Perspective on the prevalence of pulmonary hypertension and pulmonary arterial hypertension from the payer standpoint, as well as overall economic burden.
Derek van Amerongen, MD, MS, FACOG: When you think about the economic impact of PH [pulmonary hypertension] and PAH [pulmonary arterial hypertension] on the health plan, it certainly is small and that’s driven by prevalence. The top 3 areas of cost and utilization for just about every health plan in the country are going to be cancer, diabetes, and heart disease. Those affect millions of people. They generate enormous use of resources, both medical and pharmacy. PAH and PH are much smaller in prevalence and incidence. I would say, however, that for these individual members, they are typically quite high in cost. When I review high cost claims lists with employers, which I do on a regular basis, if a member with PAH is on that list, that will certainly jump out and provoke a lot of questions as to why this 1 individual is spending so much money. But from a plan-wide basis, it’s usually going to cost fractions of a penny per member per month.
In terms of area of focus for a health plan, PAH is typically going to be in the top 50. It’s not that the individuals with PAH and PH don’t have very significant medical needs and significant utilization, it’s more that they’re being crowded out by the enormous costs and utilization in diabetes, heart disease, and cancer. It seems that every month, we have another $300,000 oncology agent coming to market. Because of the dynamics of all of the other conditions, especially those that continue to grow in prevalence, PAH tends to be pushed to the edge of the radar screen.
We spend, as does every large health plan in the country, a lot of time and energy trying to understand the treatment paradigms and up-to-date treatments for conditions like PAH and PH. I think the understanding of the treatment course and the potential implications of the condition are well understood by health plans.
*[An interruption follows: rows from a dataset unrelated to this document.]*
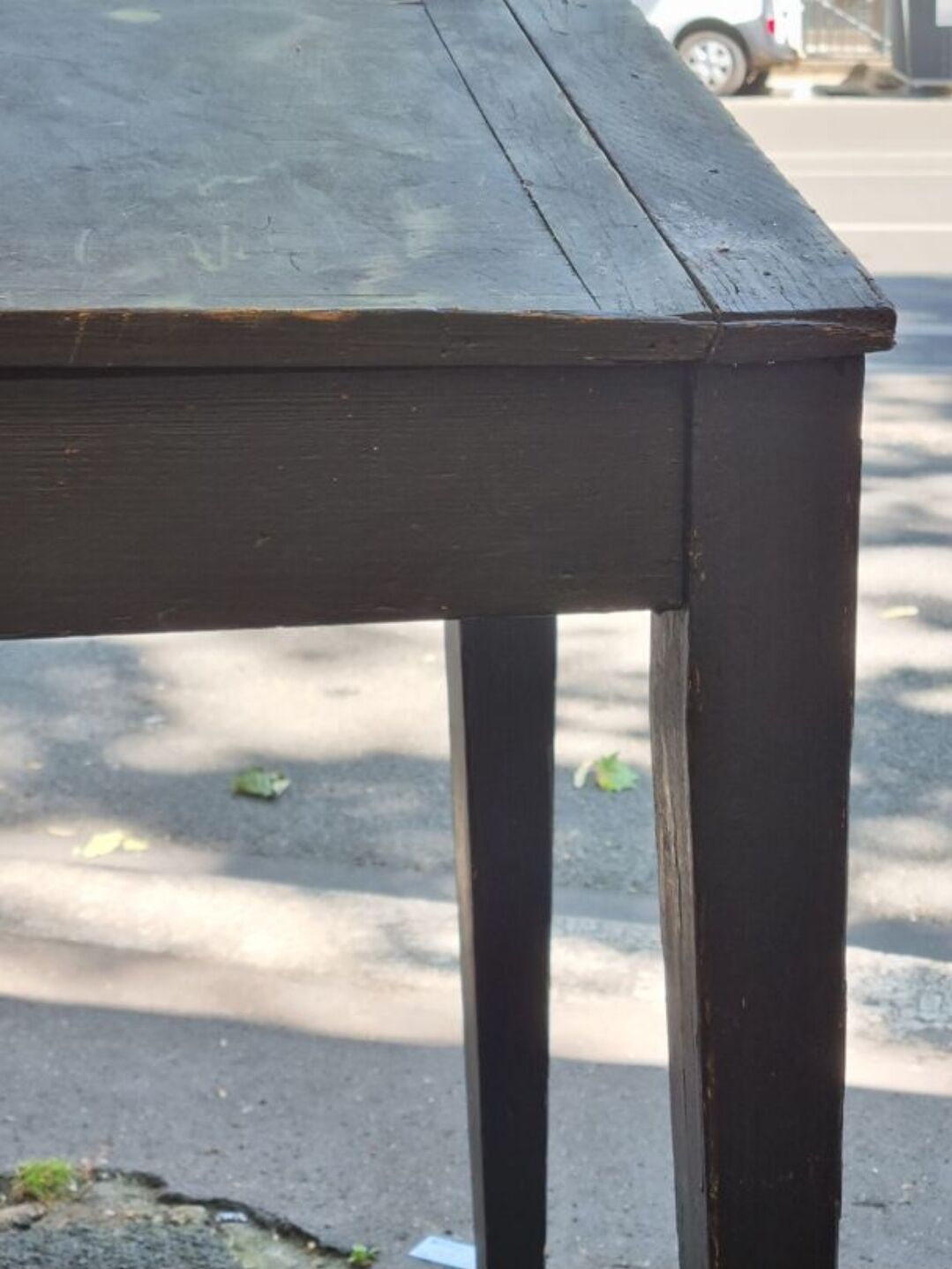 Bureau écritoire début 20ème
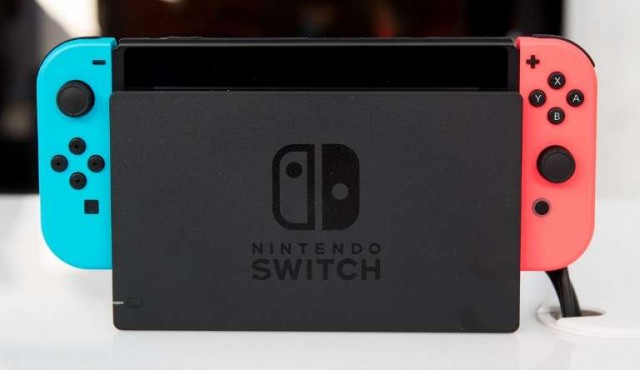 Nintendo prepara un nuevo modelo de su consola Switch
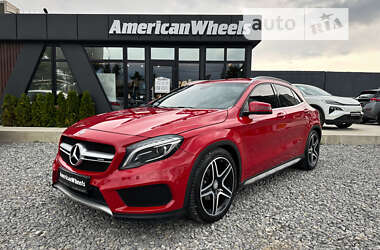 Внедорожник / Кроссовер Mercedes-Benz GLA-Class 2014 в Черновцах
At the end of the day, and I always want to emphasize this, the ultimate treatment decisions need to be made by clinicians based on the particular characteristics of a patient and the dynamics of that particular clinical scenario. Our job is to provide coverage and access to the standard of care and to make sure that those tools and resources are being used appropriately.
The economic burden of PAH and PH is very significant on the individual. Those individuals are typically identified as high cost members: in other words, usually spending above $25,000 to $50,000 per year. From a plan-wide basis, those members are going to have very minimal impact on the overall budget because of the prevalence. The direct costs of PAH and PH are of course what we’re focused on from the plan perspective because that represents the direct use of medical resources and utilization. Indirect costs are certainly important to individuals, and they’re important from a societal standpoint. Indirect costs include things like absenteeism, presenteeism, or a spouse who has to leave his or her job to take care of the individual. While those costs are real—they impact the family, they might impact the employer, and they impact society—they’re not direct medical costs that the health plan is responsible for.